What needs to be done
Excluding pictures, what does the listing below contain from the line with "DS-MC760DW A1 Digital" up to and including the line with "Bed & Breakfast Irma Bad Füssing", word for word?

Stored data
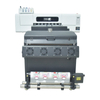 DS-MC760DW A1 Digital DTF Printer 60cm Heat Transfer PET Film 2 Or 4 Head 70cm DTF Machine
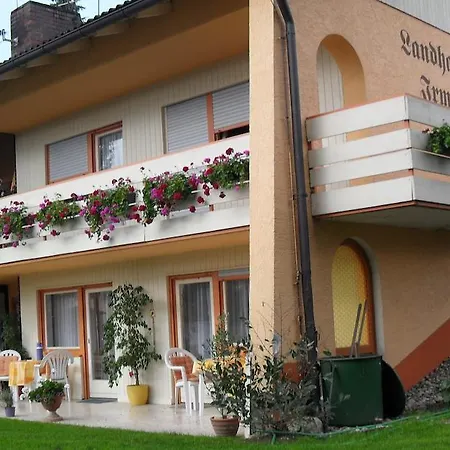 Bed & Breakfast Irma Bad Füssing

* * *

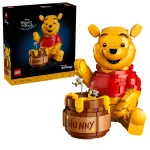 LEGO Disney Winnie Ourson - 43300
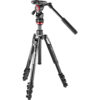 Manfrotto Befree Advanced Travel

Solution
 DS-MC760DW A1 Digital DTF Printer 60cm Heat Transfer PET Film 2 Or 4 Head 70cm DTF Machine
 Bed & Breakfast Irma Bad Füssing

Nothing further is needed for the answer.